Should I contribute more to the pension myself when relief will be at the lower rate of taxation or should I just invest my cash in a low cost ETF.
I have no debts and would think that even at age 60 I would not be reliant on the pension fund and if values were poor at that time could ride it out for a few years.
Thanks
 
This would take a look at your overall financial circumstances, but there is one argument in favour of putting money into the pension. From age 65, the Income Tax exemption threshold is €18,000 per year for a single person or €36,000 per year for a married couple where one spouse is over 65. If your circumstances are that you'll be tax exempt from age 65, you could put contributions into the pension now, claim 20% tax relief on them and extract them without tax in retirement. But your own circumstances may render this inadvisable.
 
Thanks LD.

Wife finished work in 2.5 years. DB pension of 18.5k p.a. Plus usual lump 54k.
I have invalidity pension along with income continuance until 60 and then invalidity after sixty.
Property 1 own home no loan. Going to sell now worth 350k
Property 2 new build moving into no loan.

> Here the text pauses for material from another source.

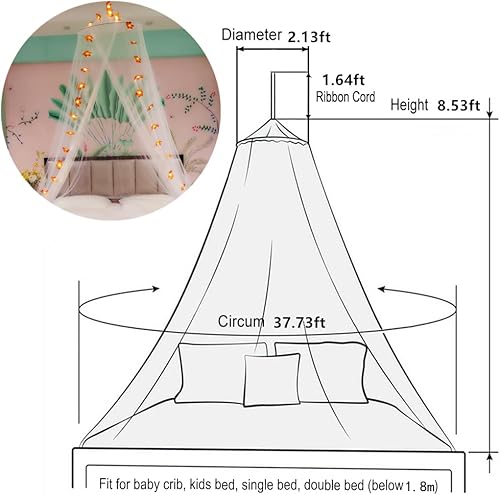 Vista 73 de Eimilaly Mosquitera para cama, toldo de cama para decoración de habitación de niñas, toldo colgante de protección contra insectos para adultos, Una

Property 3 RIP worth 250k owe 125k. Rented to council for next seven years payed off in full in nine years.
35k various shares
100k bank post office etc.
 
Thanks for that. A quick look over suggests that you and your wife will be in the tax net after age 65, between her pensions, your pensions and rental income. Looks like you'll be at the 20% rate. I'd suggest that you explore with your DC scheme broker if you have any scope to pay extra into your scheme to increase your tax-free lump sum. If so, that would be worth doing: get 20% relief on contributions now and proceeds tax-free when you retire. Anything over and above that would probably be taxed at 20% so little or no incentive. If your wife is currently paying tax at the high rate, perhaps she could look at paying additional contributions into her pension, focussing on maximising her lump sum initially.